*The task*
Restate every line below word for word, but drop each picture.

*Raw data*
____________

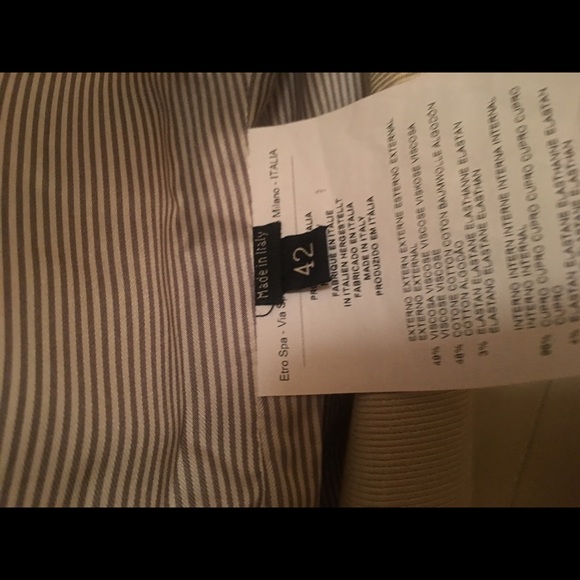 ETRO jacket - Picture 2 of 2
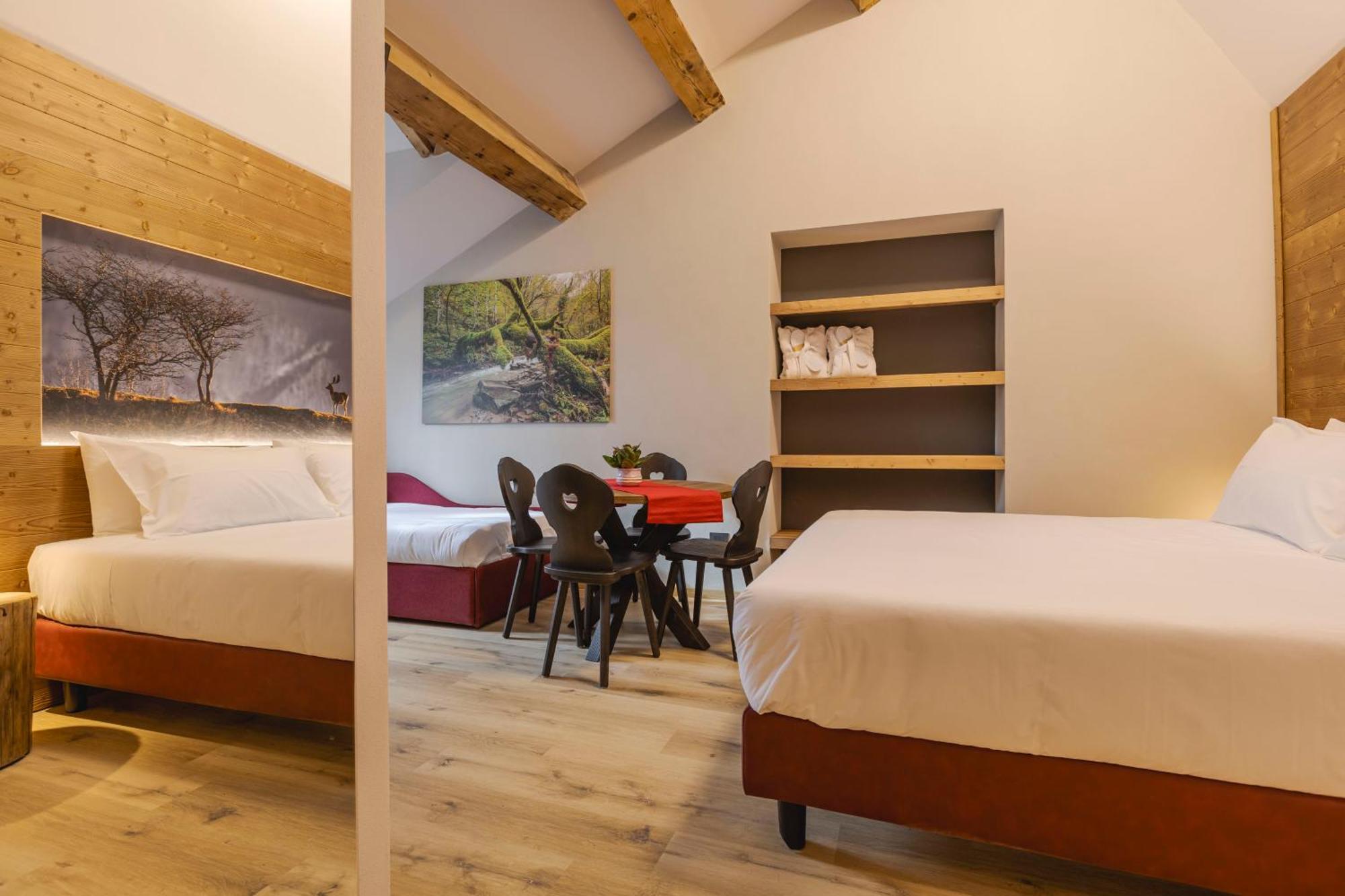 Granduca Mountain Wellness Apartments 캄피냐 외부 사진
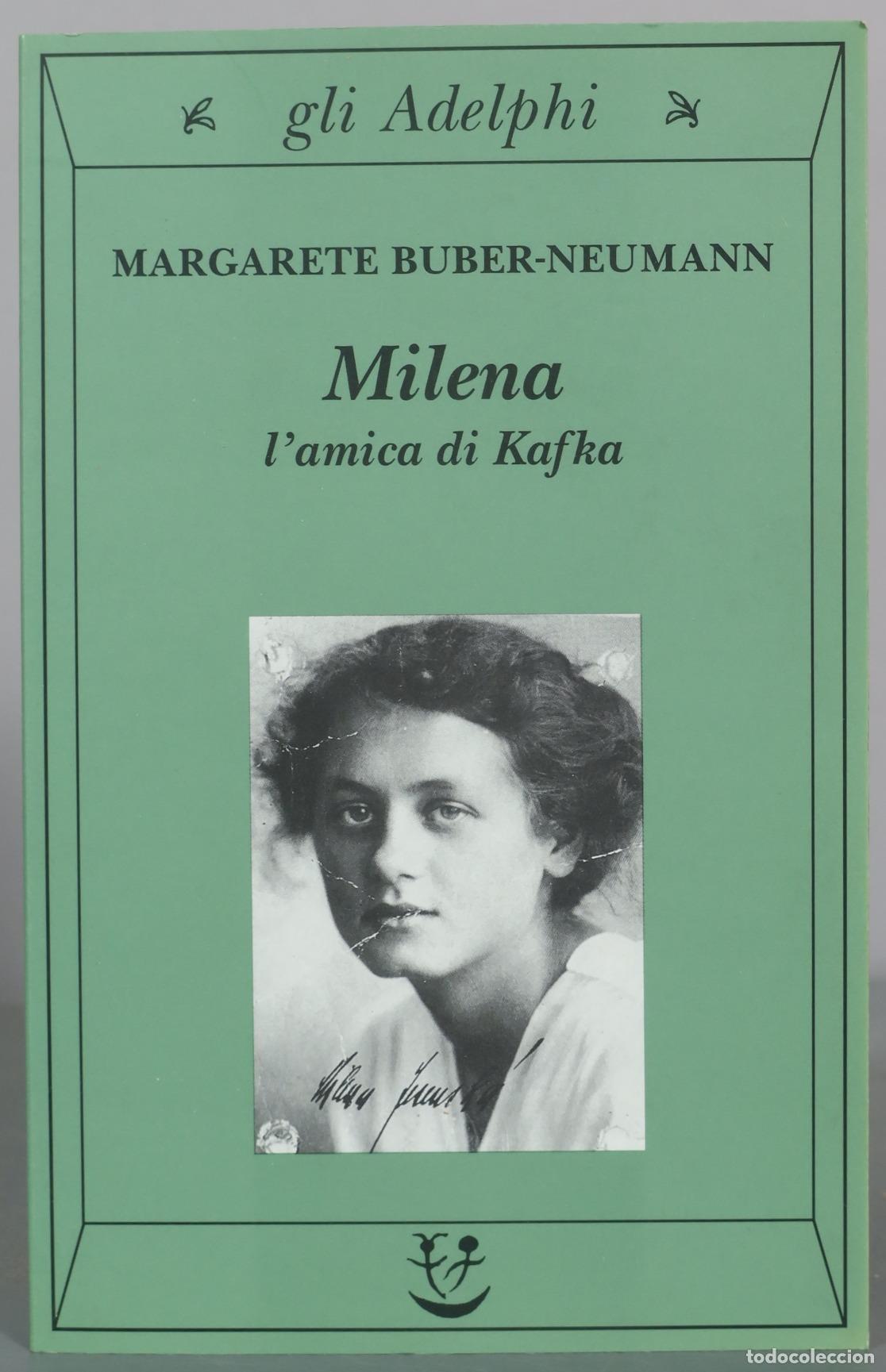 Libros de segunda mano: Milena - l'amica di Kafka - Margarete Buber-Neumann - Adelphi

____________

*Problem solution*
 ETRO jacket - Picture 2 of 2
 Granduca Mountain Wellness Apartments 캄피냐 외부 사진
 Libros de segunda mano: Milena - l'amica di Kafka - Margarete Buber-Neumann - Adelphi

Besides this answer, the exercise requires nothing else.